◆ **PROBLEM TO WORK ON**
From the listing below, please restate exactly the lines beginning at the one with "Black Executive Glass" and ending at the one with "Danzig mit Befund", both included, and skip the pictures.

◆ **DATA SHOWN**
----------

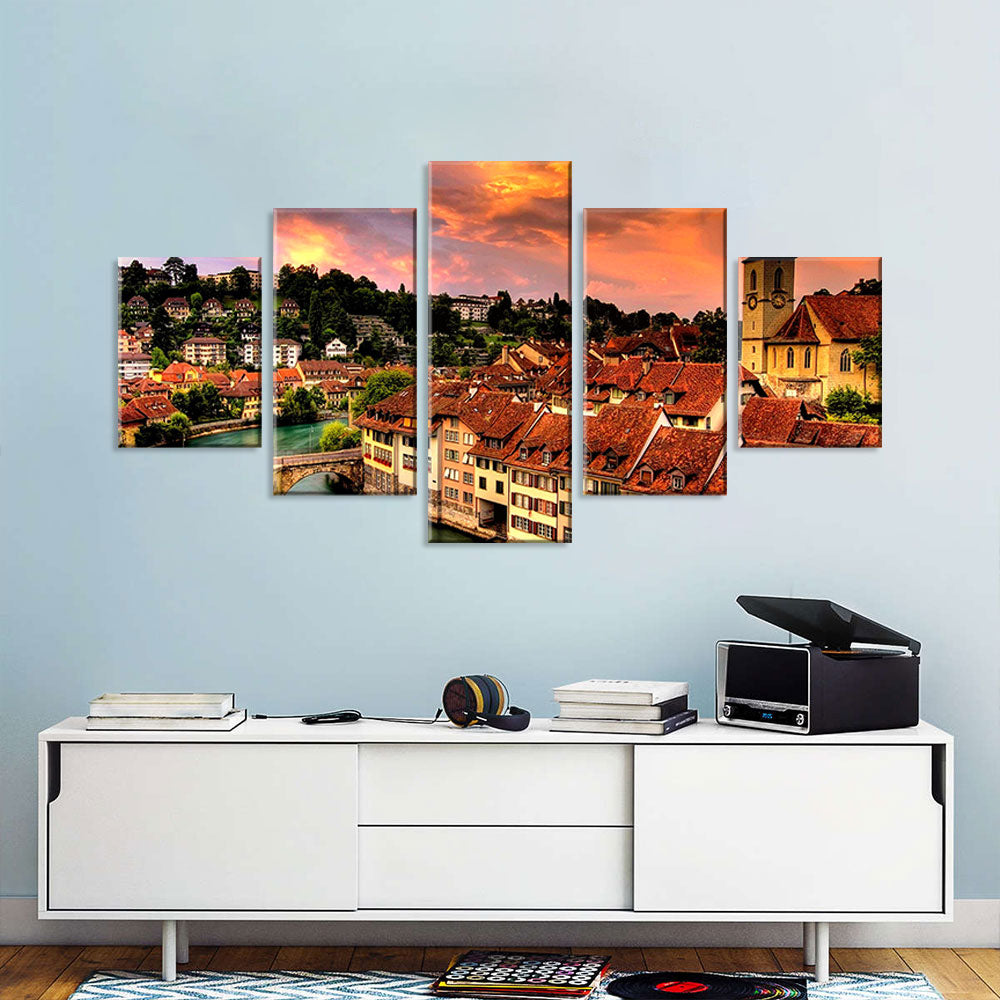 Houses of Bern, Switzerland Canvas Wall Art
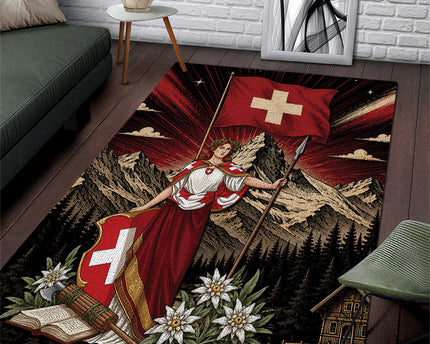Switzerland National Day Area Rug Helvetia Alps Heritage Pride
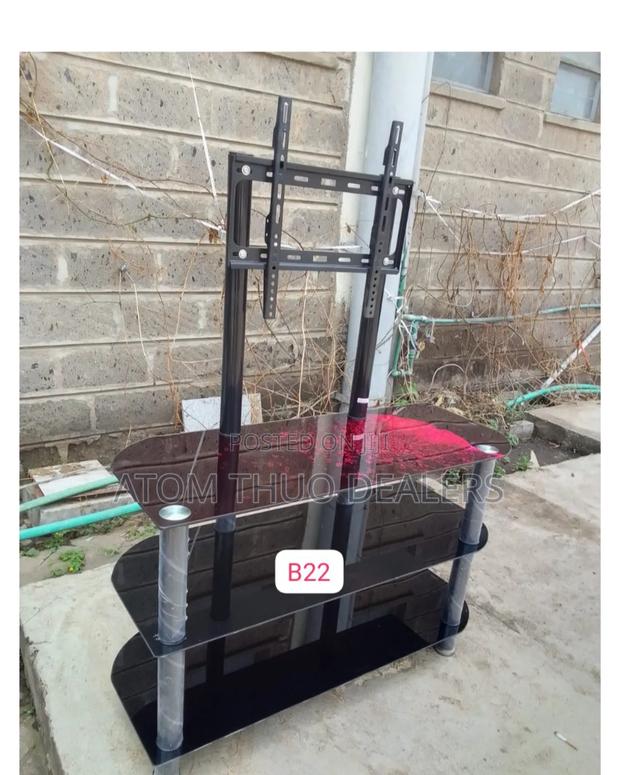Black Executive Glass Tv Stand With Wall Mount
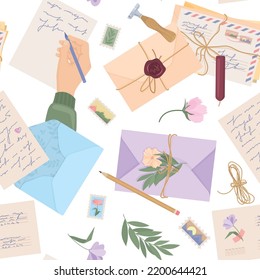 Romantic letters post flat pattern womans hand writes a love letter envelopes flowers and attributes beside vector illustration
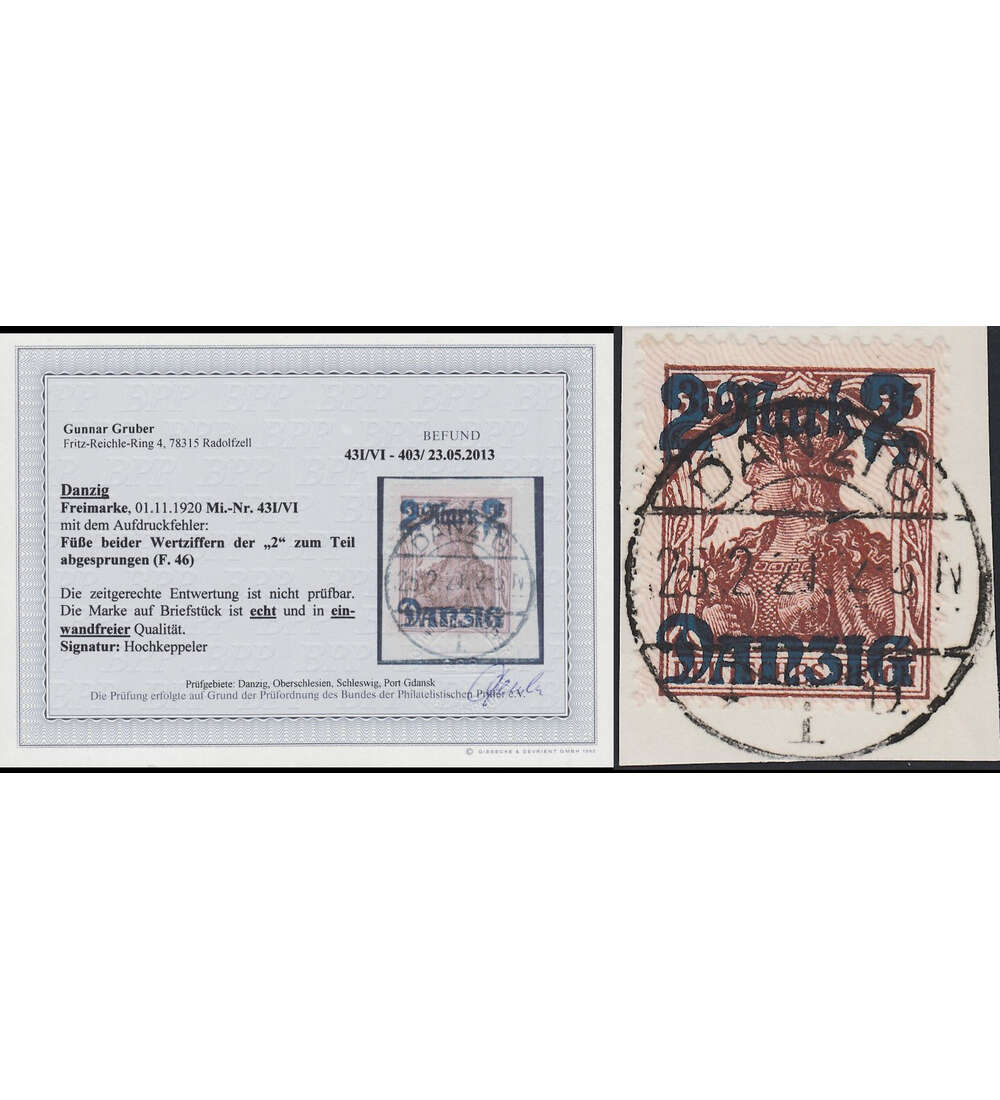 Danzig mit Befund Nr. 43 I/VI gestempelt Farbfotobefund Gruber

----------

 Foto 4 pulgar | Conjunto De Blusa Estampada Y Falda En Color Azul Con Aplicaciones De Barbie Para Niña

----------

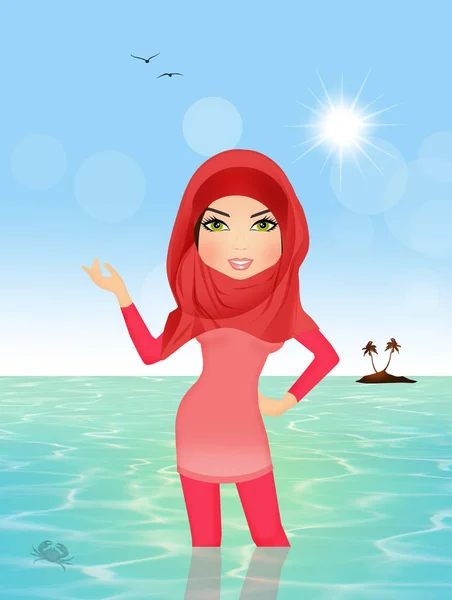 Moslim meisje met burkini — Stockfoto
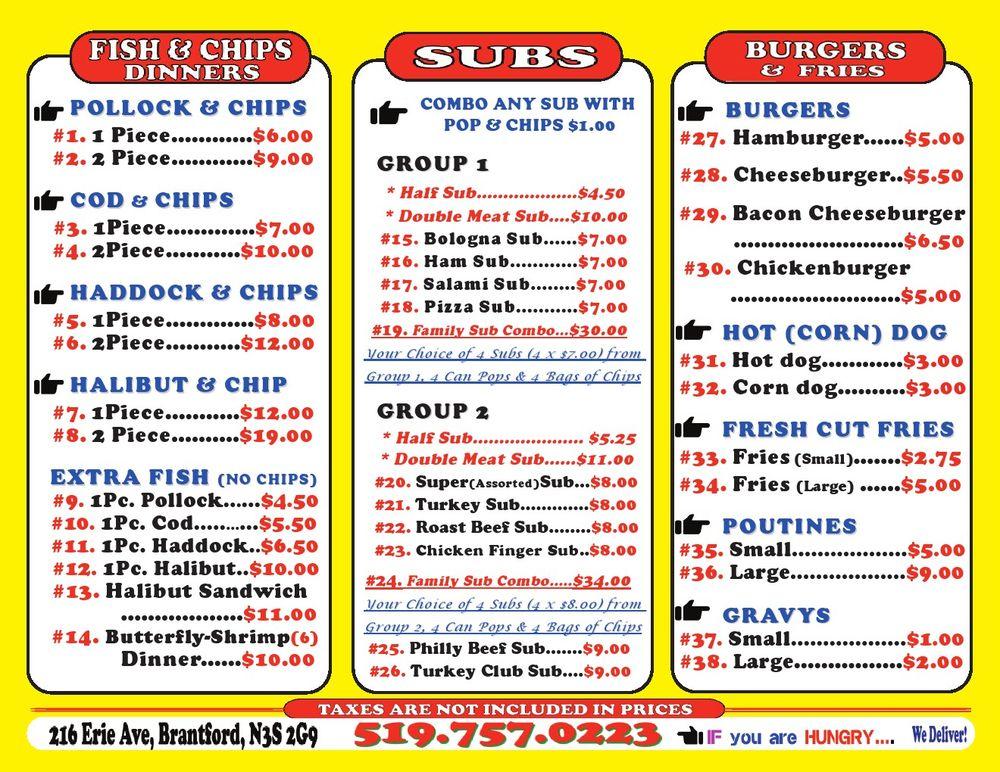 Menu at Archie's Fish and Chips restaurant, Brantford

----------

◆ **RESULT FOR THIS EXERCISE**
Black Executive Glass Tv Stand With Wall Mount
 Romantic letters post flat pattern womans hand writes a love letter envelopes flowers and attributes beside vector illustration
 Danzig mit Befund Nr. 43 I/VI gestempelt Farbfotobefund Gruber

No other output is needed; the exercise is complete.